It's not the rower, it’s the boat

Umang Vohra

August 24, 2021

Recently my family and I have developed an interest in rowing as a sport and have been keenly following matches. Watching this sport from the sidelines has taught me so many pivotal life lessons.

Rowing is the ultimate team sport. A perfectly synchronized teamwork coupled with endurance mental agility and enormous willpower. Each rower brings different skill sets and strengths to the team and harbors a shared purpose – to strike a good balance and make it to the finish line faster, stronger and with better timing than their competing teams.

It requires supreme effort, persistence and a collective will focused on the goal of propelling the boat through the water. The entire team must perform as a single unit, with each adapting to the strengths and shortcomings of the other. It needs every ounce of physical and mental resilience, using every muscle to make it through. Everyone works in unison to achieve a common goal. To get the team to win. Rowing is a challenging sport. Sometimes you want to quit. But every hour you put in on the water doesn’t just step up your rowing game but also builds character. Often, I draw parallels between this ultimate team sport and the Tiki-Taka movement- the language of collaboration and enterprise-first mindset instilled in each and every Ciplaite. The cross-functional teams come together perfectly in sync to help us win. The #OneCipla culture and spirit is all about celebrating strength in unity. We have also made a ritual of this at Cipla wherein the most remarkable Tiki-Taka stories and the people behind it are invited to our quarterly global townhall to share their success story.

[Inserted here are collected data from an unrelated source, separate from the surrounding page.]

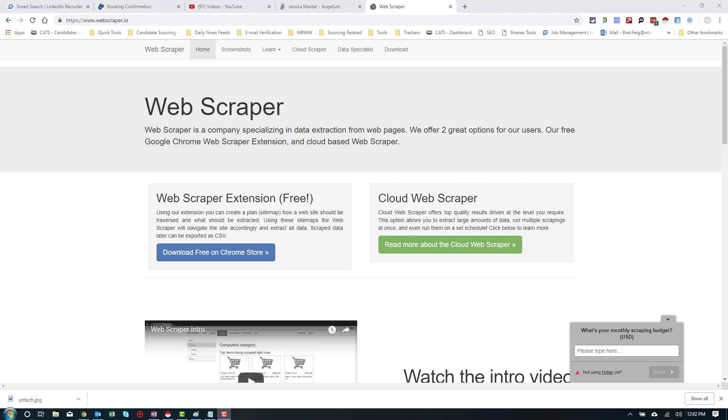Welcome back to the UNTECH video 2 on the LinkedIn series. This one we're going over how to use Webscraper.io specifically for LinkedIn Recruiter. Now, we're going to be building this in real time, so you're going to see how everything gets worked out and kind of the thought process there, probably some mistakes along the way.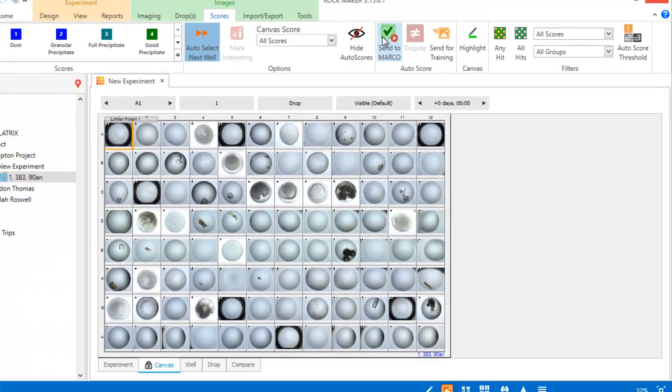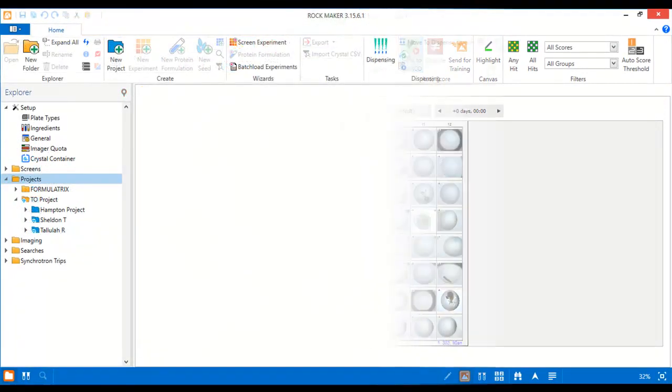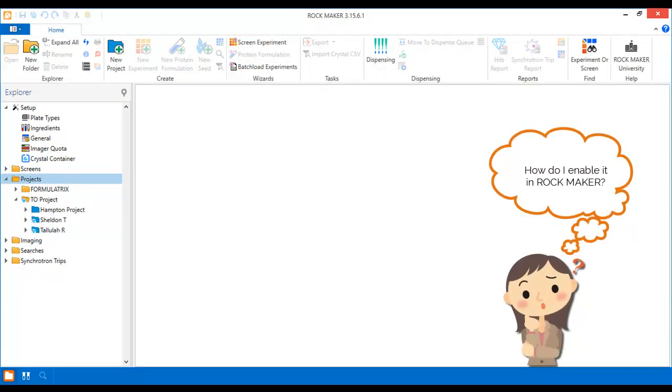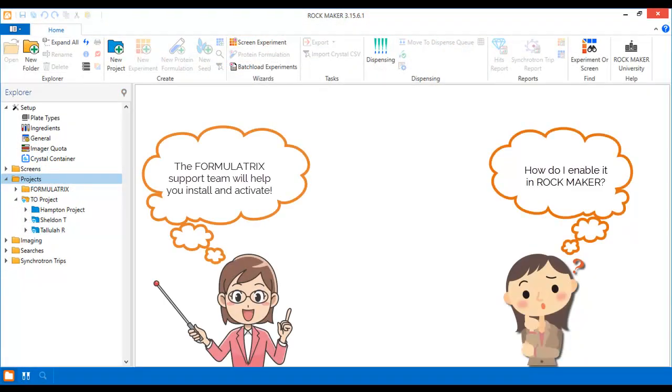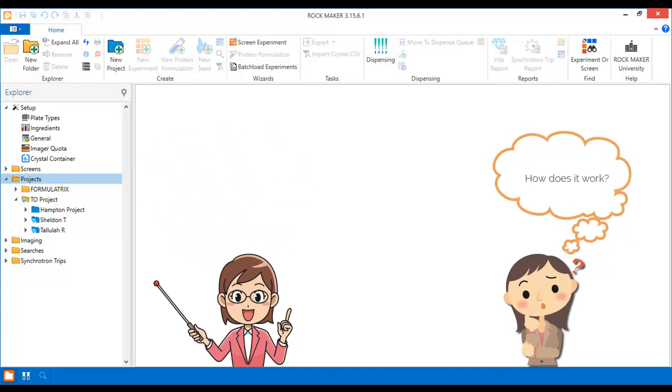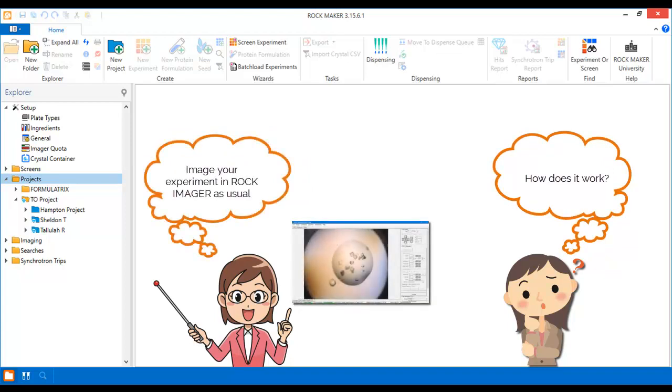Let's see how exactly Marco works in Rockmaker. Marco scores your images using a Linux application, which the Formulatrix support team can help you install and activate. Marco will run tirelessly from the moment it's up and running. Marco is fully integrated with Rockmaker, which makes working with it incredibly simple.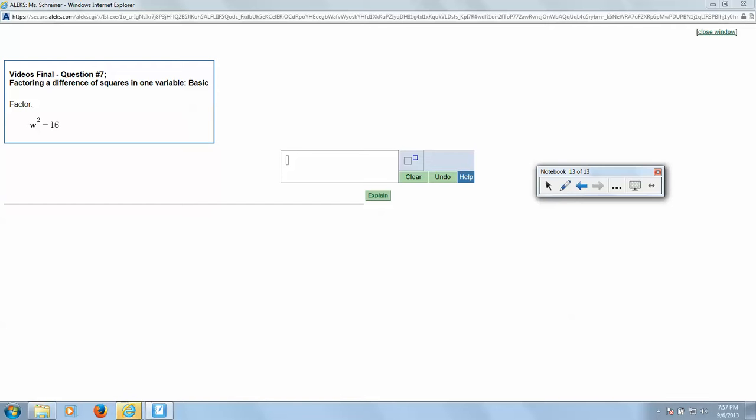Factoring a difference of squares in one variable - basic. For this one we do our regular factoring, this is kind of like factoring of perfect squares. We know first of all that W times W gives us W squared.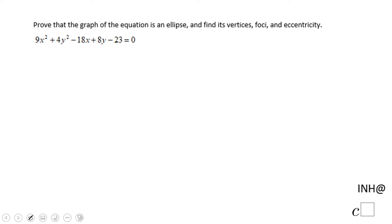Welcome, or welcome back to C squared. In this example we have an equation given and we need to prove that this equation is the equation of an ellipse. We need to find the vertices, the foci, and eccentricity.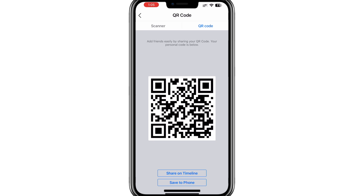Your business page's QR code will now appear. While it may say "Personal code" below it, this code is linked to your business page and not your personal profile. Scanning this code will take users directly to your business page.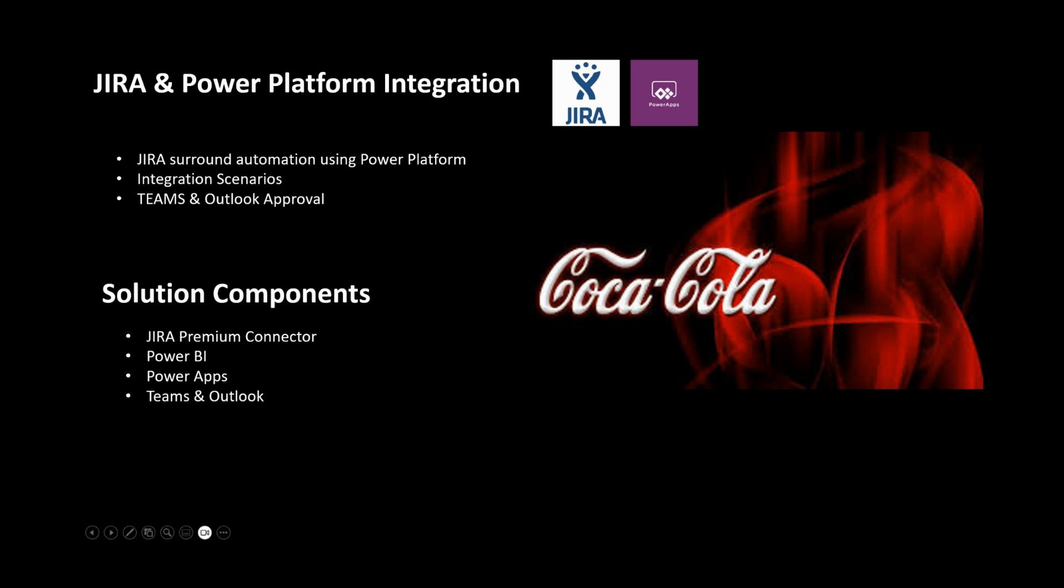In this demo we'll be looking at how to integrate Jira service management system with Power Platform. Jira is a third-party solution which handles projects, ticketing systems, service requests in a help desk scenario, and in an IT operation scenario.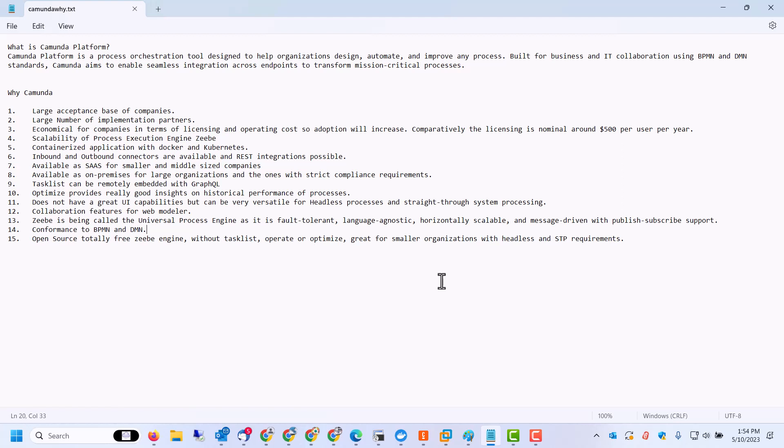Scalability of process execution engine - the Zeebe engine is the process execution engine, also called the universal process executor. And it is pretty scalable due to it being available on Docker and Kubernetes and in a containerized manner. There are inbound and outbound connectors available and ton of rest endpoints have been exposed so that you can use it as an engine, a headless engine.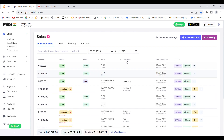So this was the complete demo of the Swipe Billing Application. In case you have any queries, you can visit our website getswipe.in or contact us on our customer support number. Thank you.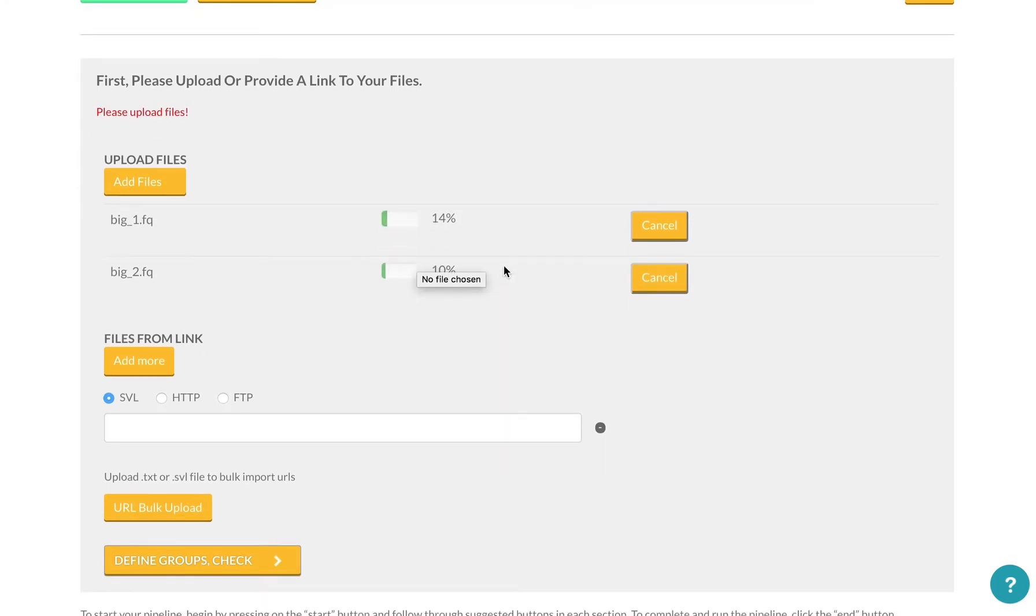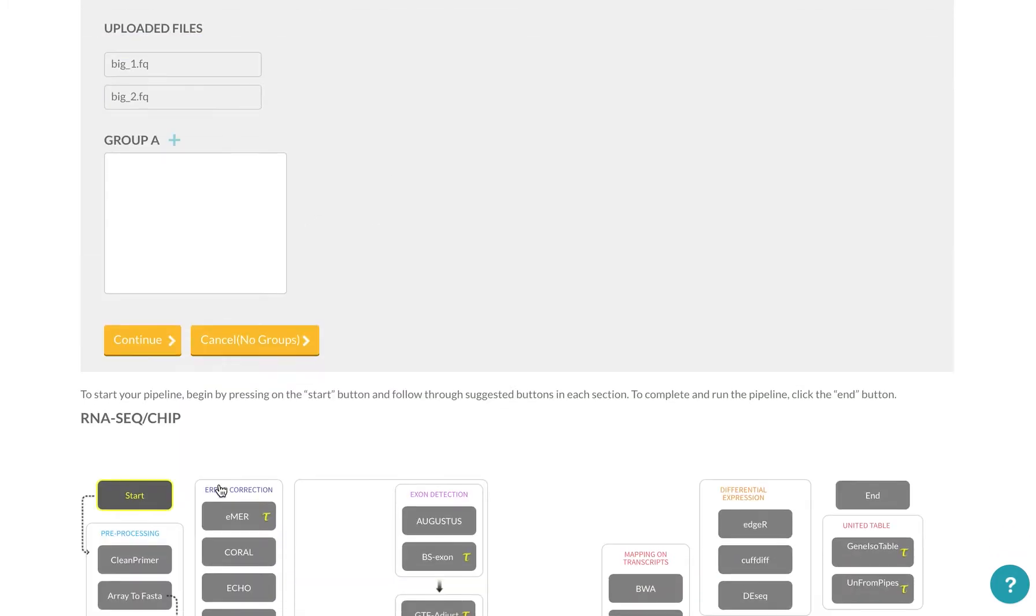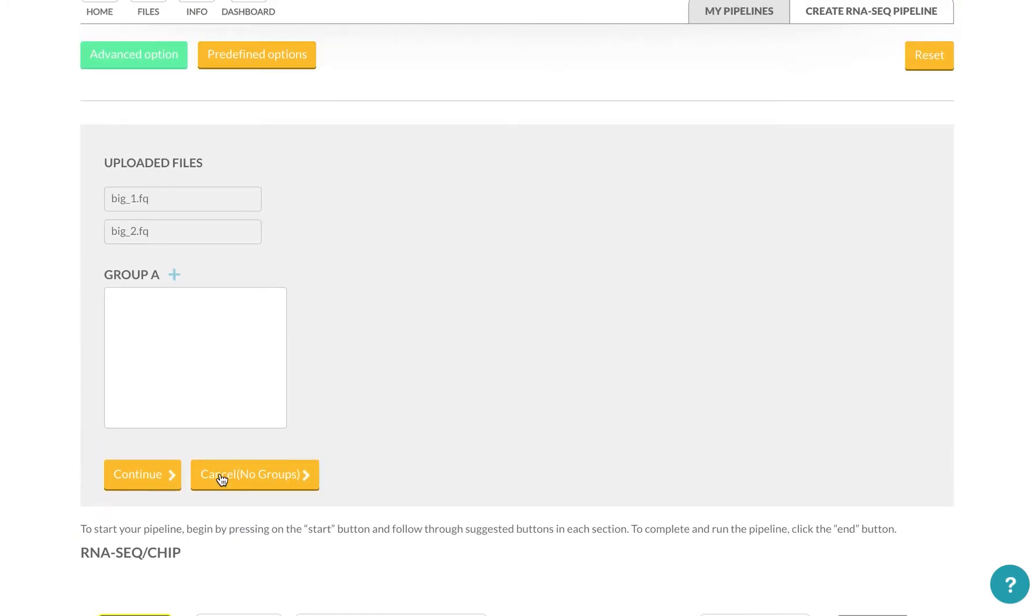And then once they are done or as they are uploading, I can define the groups, and I can make a number of groups here, or I can cancel this option altogether if I don't want to separate the files into any groups.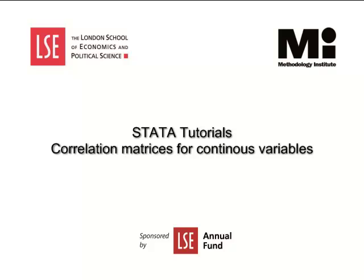Welcome to the LSE Methodology Institute's Data Tutorial Series, sponsored by the LSE Annual Fund. In this video, we will learn how to make correlation matrices for continuous variables.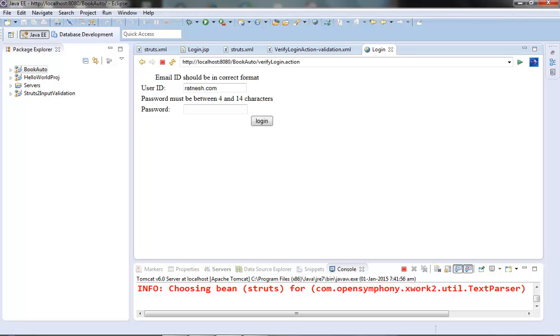I am going to discuss one more validator called visitor validator in the next video. I hope you liked this video.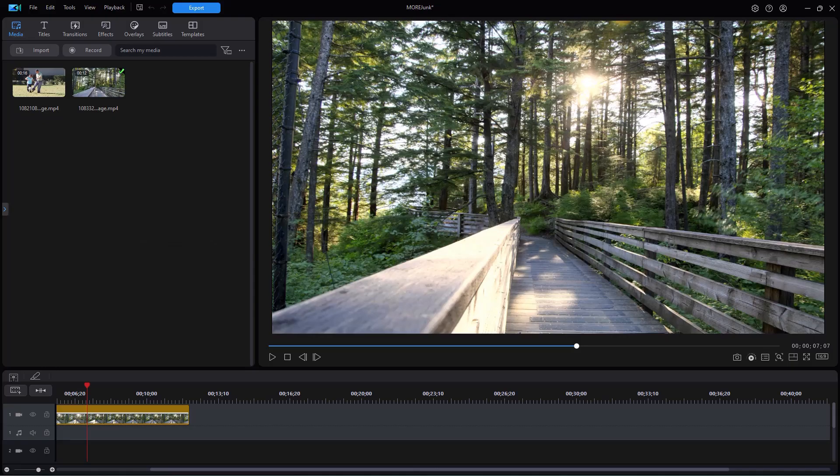In this tutorial in CyberLink PowerDirector, I'd like to give you some tips on working with custom tags. What's a tag anyway?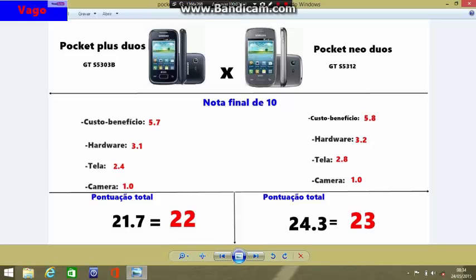Em câmera, o Galaxy Pocket Plus levou 1.0. Por ser a versão nova e de entrada, a Samsung poderia ter liberado uma câmera de no mínimo 3 megapixels — esse foi o grande erro na produção do Pocket Plus. O Pocket Neo não obteve muita diferença: em custo e benefício ganhou 5.8, em hardware 3.2, em tela 2.8, e em câmera 1.0 também, pois um aparelho com tela de 3 polegadas com câmera de 2 megapixels é ponto negativo. A Samsung poderia ter colocado 3 a 4 megapixels. A pontuação final foi de 22 pontos para o Galaxy Pocket Plus e 23 pontos para o Galaxy Pocket Neo.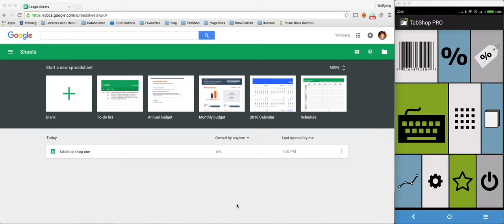In this tutorial video, I will show how to connect TabShop point-of-sale system with your own Google Spreadsheet online.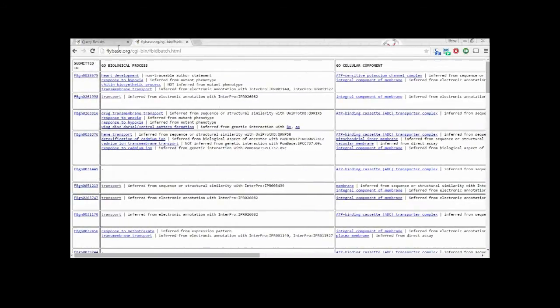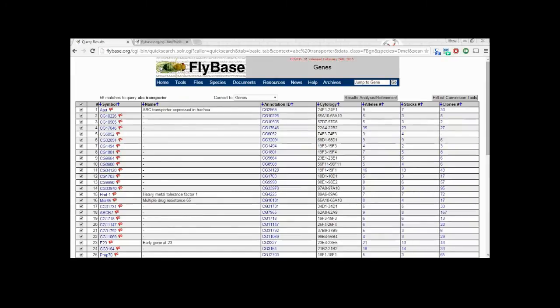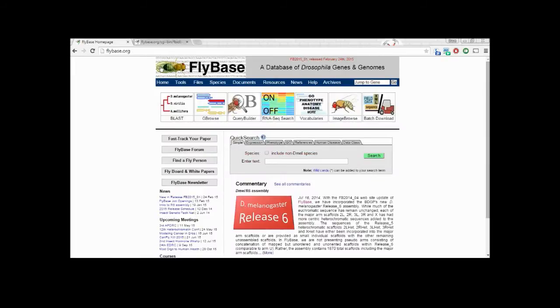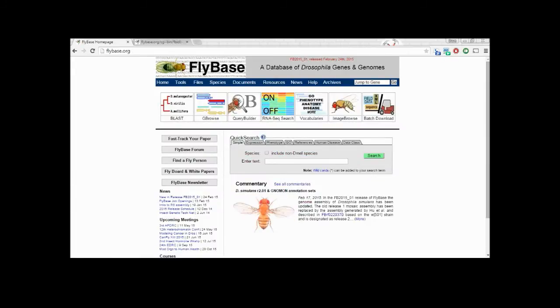These two methods of data visualization are only a small subset of the features that FlyBase is capable of, but are valuable in your understanding of a novel Gal4 UAS cross.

And what we hear is yes it was not devoid of challenges, yes there were differences, and yes there were times we thought we have reached our peak and we cant go further, but it is really the story of the collective strength to achieve their maximum potential, it is the single minded focus of #CaringforLife, a team goal that pulls us through.

And in the end, the peaks and troughs, the adrenaline rush, the triumph of a team, makes it all worth it.